According to the International Energy Agency, global electricity demand from datacenters is projected to more than double by 2030, reaching around 945 terawatt-hours (roughly equivalent to Japan's current total power usage). Further, Deloitte forecasts that AI-specific datacenter power needs could grow 30-fold by 2035 (basically fueled by hyperscalers like Microsoft (MSFT) and Alphabet (GOOGL)). In the US, datacenters already consume over 4% of electricity, potentially rising to 12% by 2028 (and thereby pushing utilities and enterprising innovators towards nuclear and increasingly efficient infrastructure solutions).

The surging energy needs for datacenter AI is a good sign for Nvidia and the AI megatrend (but it also creates new challenges and opportunities for growth, as I shared a few top ideas here).

Valuation Fear

Just because a stock price goes up a lot, that does NOT mean the shares are overvalued. Rather, from a valuation standpoint (as you can see in the earlier table) Nvidia trades at a very reasonable valuation multiple (price compared to earnings, sales and growth) as compared to other leading megacaps. For example, it’s low 0.6x forward PEG ratio is compelling. Nvidia also has strong competive advantages (it’s the leading AI chip maker, by a very wide margin). For example, Oracle’s (ORCL) Larry Ellison recently emphasized Nvidia’s GPUs as critical to its AI infrastructure, and Oracle’s new $4B deal with OpenAI (powered by Nvidia chips) underscores the sustained demand.

Risks

In addition to trade wars (which appear overblown) and valuation concerns (which also seem unwarranted), Nvidia also faces risks from competition (as hyperscalers and other companies work to create their own AI chips), from the threat of new (more efficient) AI models which require less compute (China’s DeepSeek already spooked the market once), new computer technologies (e.g. quantum computing), and the simple risk overbuilding (this is why I assume hyperscalers outsource to companies like CoreWeave (CRWV), Nebius (NBIS) and Applied Digital (APLD) instead of just buying them), none of these risks appear overly ominous on the horizon just yet.
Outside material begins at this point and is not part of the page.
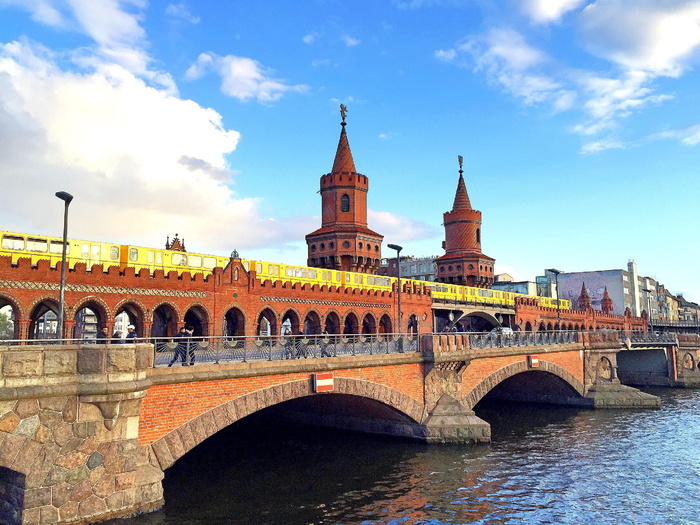 柏林，Oberbaumbrücke，桥梁，狂欢，建筑，桥梁-人造结构，河流，著名的地方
Nvida still appears to have plenty of room to run.

Conclusion:

AI is a megatrend, Nvidia is the premier leader, and both are showing signals of continued strong growth. In my opinion, rather than thinking about selling Nvidia (I continue to personally own a large position), investors should be considering new opportunities to invest in the companies that will benefit from (and grow with) Nvidia, such as dramatic AI-energy needs (for datacenters) in the coming years.

However, at the end of the day, you need to do what is right for you, based on your own individual situation. Disciplined goal-focused long-term investing continues to be a winning strategy (and Nvidia and AI continue to be a big part of mine).